Australian Labor party refuses to play ball with Murdoch press
News Corporation journalists speaking out about perceived bias ahead of election
Labor opposition leader Bill Shorten raises a beer at Saint John Bar in Launceston, Australia on May 13th. Photograph: Ryan Pierse/Getty
It happens in almost every Australian campaign, and it’s happening again now: Labor’s polling numbers fall as election day gets closer.
For almost three years, the opposition Labor Party has led the governing Liberal-National coalition in every poll. Two months ago, Labor led 54 per cent to 46 per cent after preferences (Australia uses a preferential voting system), but the latest polls show that has narrowed to 51-49 ahead of Saturday’s election.
Fifty-one per cent is enough for a narrow win if the swing to Labor is uniform, but the swing is never uniform.
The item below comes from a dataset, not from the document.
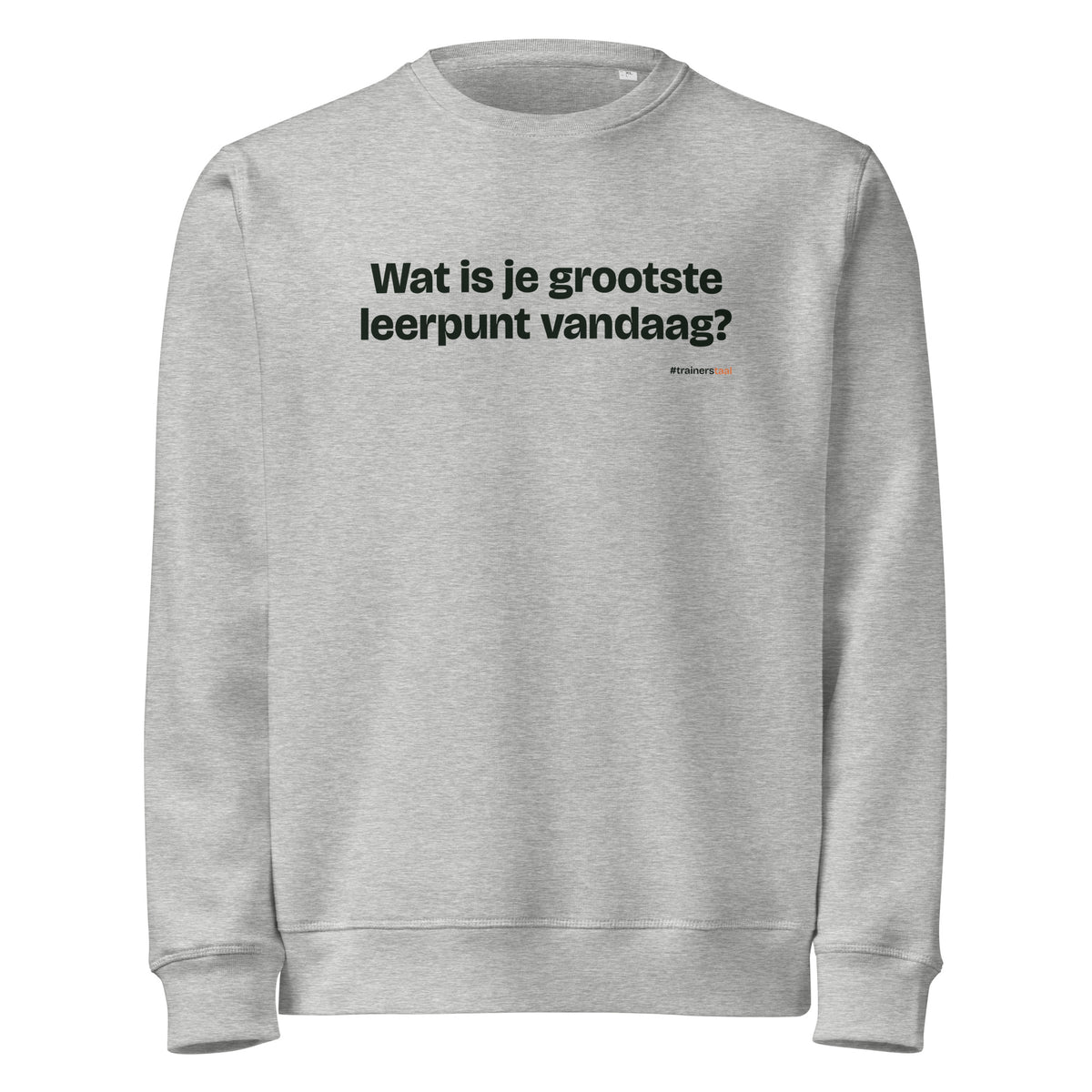 Wat is je grootste leerpunt vandaag? – sweater grijs gemêleerd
Local factors mean some seats buck the trend and swing the other way. In 1998, Labor got 51 per cent of the vote, but still lost by 13 seats. Three years later, the coalition got 51 per cent and won by 17 seats.
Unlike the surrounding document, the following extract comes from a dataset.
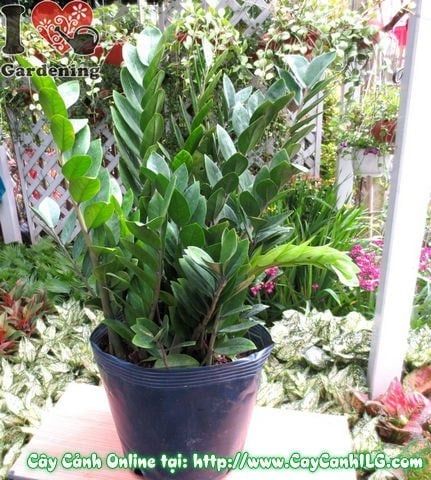 Cây Kim Phát Tài – Ý Nghĩa, Cách Chăm Sóc & Mua Bán Sỉ Lẻ Giá Tốt Tại TP.HCM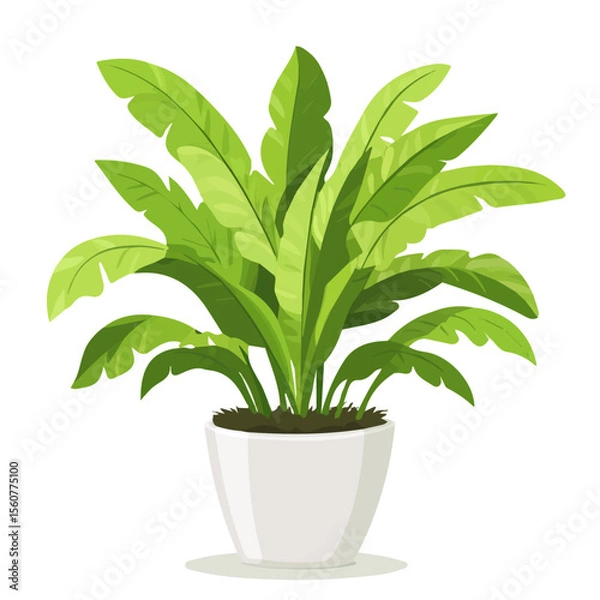 Fototapeta Flat 2D Birds Nest Fern illustration, vector graphic in icon style, on white background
My real conversation is not with the rich and powerful in this country
Betting agencies are often more accurate predictors of an election outcome than polling companies, because they reflect who people think will win, regardless of how they plan to vote themselves. The bookies have Labor at barely above evens, while the coalition is at 9/2.
Some commentators have said that one of the most striking things about this election campaign is the intensity of the anti-Labor coverage in the Murdoch press (which accounts for 70 per cent of Australia’s daily metro newspaper sales). But, bar 2007, when some News Corporation outlets backed Kevin Rudd when it was obvious he was going to win, they have always backed the coalition.
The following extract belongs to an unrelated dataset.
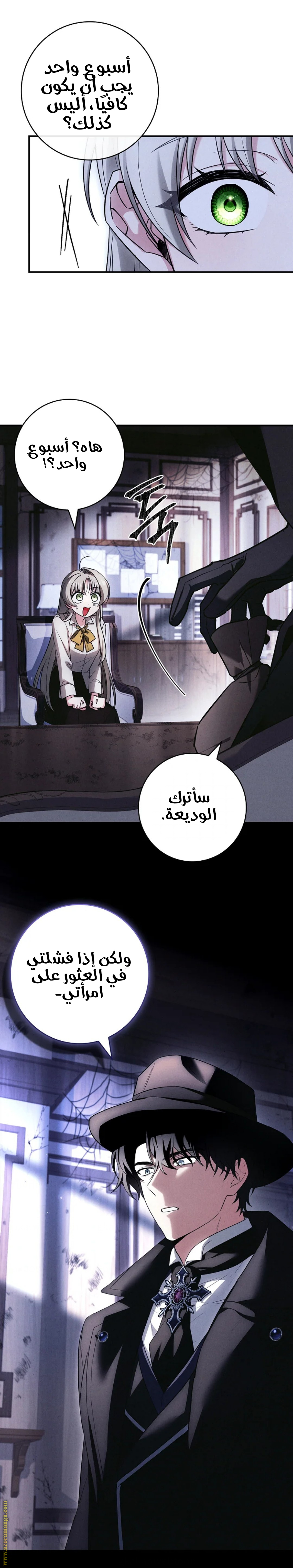 الصفحة 41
The real difference this time is that Labor has refused to play ball with Murdoch and some former and current News Corporation journalists are speaking out about perceived bias.
In January, Labor leader Bill Shorten revealed he turned down an invitation to fly to New York to meet Rupert Murdoch. He also declined to meet Murdoch when the publisher was in Sydney recently. It was a strident move by Shorten, even if he played down its significance. “News Limited and Mr Murdoch shouldn’t take that as any view on him in particular,” he said.
“I’ll deal with their local management just as I deal with the local management of the ABC [public service broadcaster]. But my real conversation is not with the rich and powerful in this country.”
Last week, Sydney’s Daily Telegraph tabloid, under a front page headline of “Mother of invention”, accused Shorten of lying by leaving out some details about his mother’s academic record while speaking in a television appearance about the sacrifices she made to raise him and his twin brother.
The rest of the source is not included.